In 2015, Walden spent a month with a group of international scientists aboard the Norwegian research ship, the Lance, in the Arctic Ocean. There, as the Fulbright Distinguished U.S. Arctic Chair, he collected atmospheric data including measurements of clouds in an attempt to determine the causes of thinning sea ice.

“Imagine we have an ice-covered Arctic Ocean—and ice is very reflective of sunlight,” he says. “Now, start warming up the Arctic and the ice melts, exposing ocean water which is very good at absorbing solar radiation. This causes more warming, which melts more ice and exposes more seawater which absorbs more sunlight which melts more ice and exposes more ocean. The process continually feeds back on itself—it amplifies.”

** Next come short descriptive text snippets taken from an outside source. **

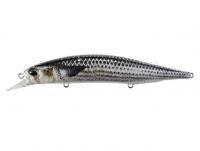 Leurre DUO Realis Jerkbait SP SW Limited 12cm - DST0804 Mullet ND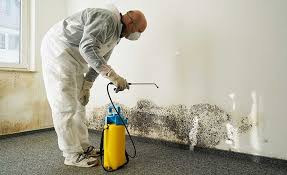 Best Black Mold Removal  in Victoria, TX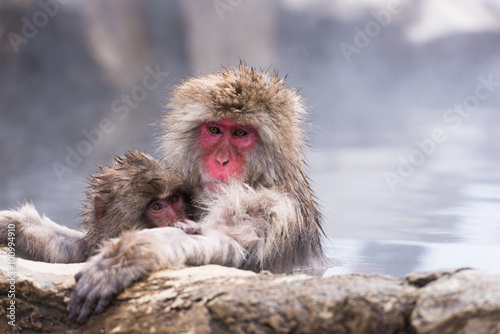 Snow monkey & Hot springs 1 © naokichic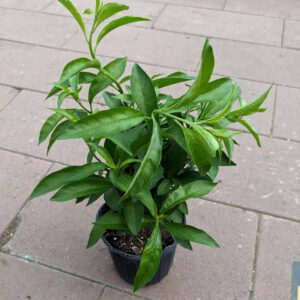 Cestrum Nocturnum Night Blooming Jasmine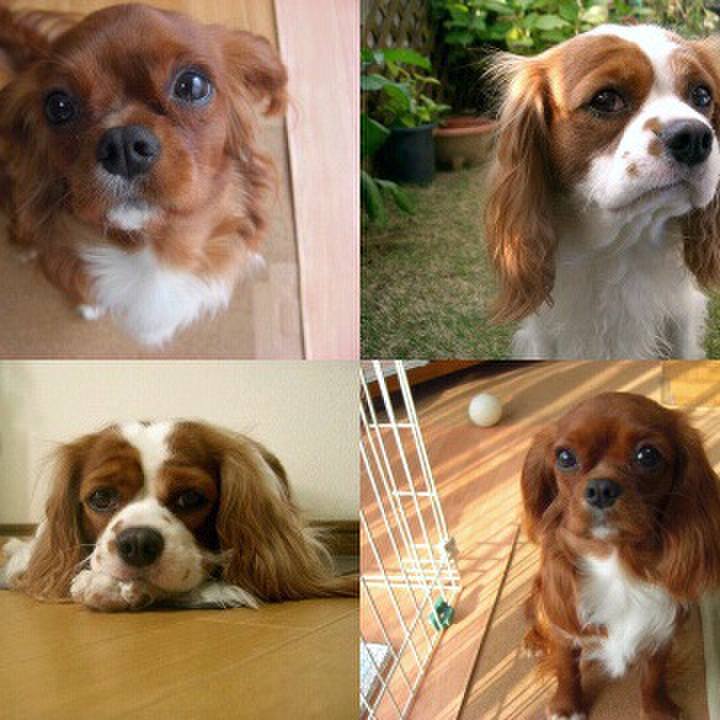 F2d5ed14 ba42 4f62 ab5b 4cd6462582cb 1510664273699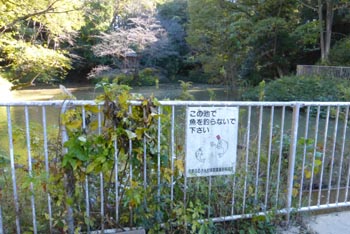 c0146788_114296.jpg
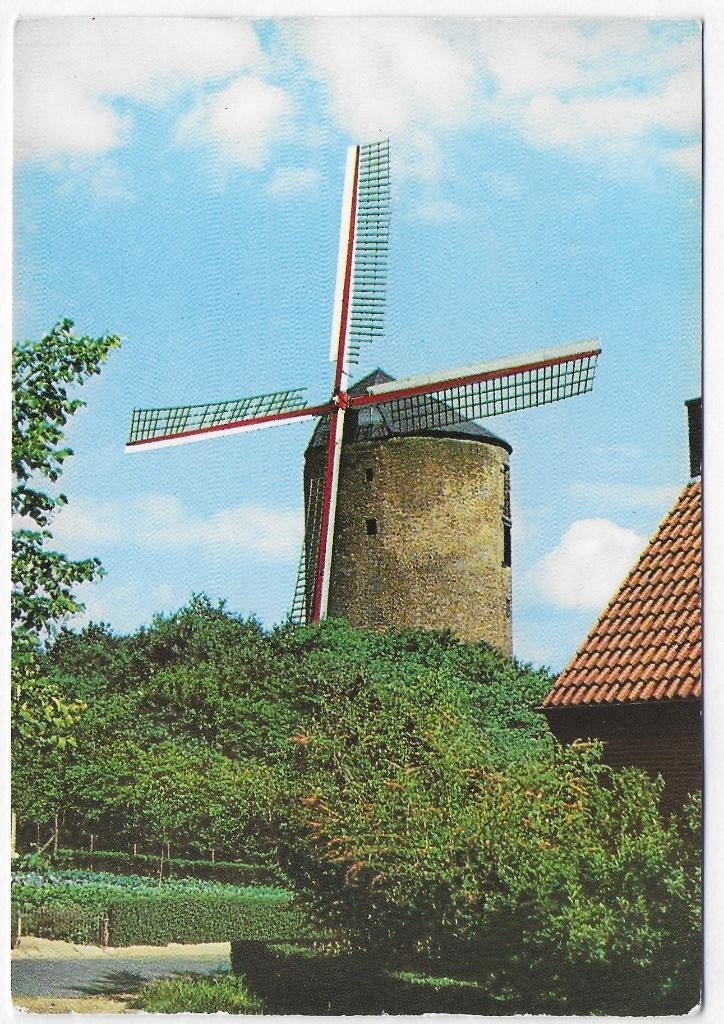 Zeddam torenmolen ongelopen Ansichtkaart (B2753), Ophalen of Verzenden, 1980 tot heden, Ongelopen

Recent scientific analysis, including Walden’s Arctic Ocean and Greenland research data, showed that clouds forming in the Arctic contribute a surprising amount to the balance of energy at the polar surface. Clouds, they found, add to the warming trend, especially in fall and winter.

Walden says that although it is an extremely complex process, the earliest climate models constructed in the 1980s and early 1990s largely predicted Arctic amplification. “We’ve known this for a very long time,” he says. “We’re seeing that trend year after year, for example, with the extensive melting of Greenland ice last summer.

“And, as Arctic amplification continues—and temperature and pressure gradients shift— we’re loading the weather dice for Category 5 hurricanes, a bad fire season, and other extreme events.”

He pauses. “Yet, you can’t say one fire season or the next was caused by climate change as it may have naturally done that anyway. It’s confusing for some people to understand that we can’t necessarily tie a weather event directly to climate change. And, if we can’t do that, why are we predicting anything?

“Let’s put it this way—say I’m driving through Montana with its 80-mile-per-hour speed limit and choose not to wear a seat belt. There’s a chance I’ll be fine but, if I do get in an accident, what’s the likelihood I’ll get hurt without a seat belt versus wearing one? We all know that my odds are not very good. I’ve loaded my possible injury by not having a seat belt and also by going 80 instead of 60.”

Walden laughs. “It’s not like you couldn’t drive across Montana and be just fine but you’re not as safe without a seat belt.

“So, this is definitely the way climate change works. Through past evidence of how the Earth has responded plus future climate modeling, we believe that as greenhouse gas increases and the planet warms, we’re loading the dice for certain weather events to occur—like dry hot conditions in summer, more rain during winter, less snow, low sea ice, and of course, more frequent visits from the polar vortex.”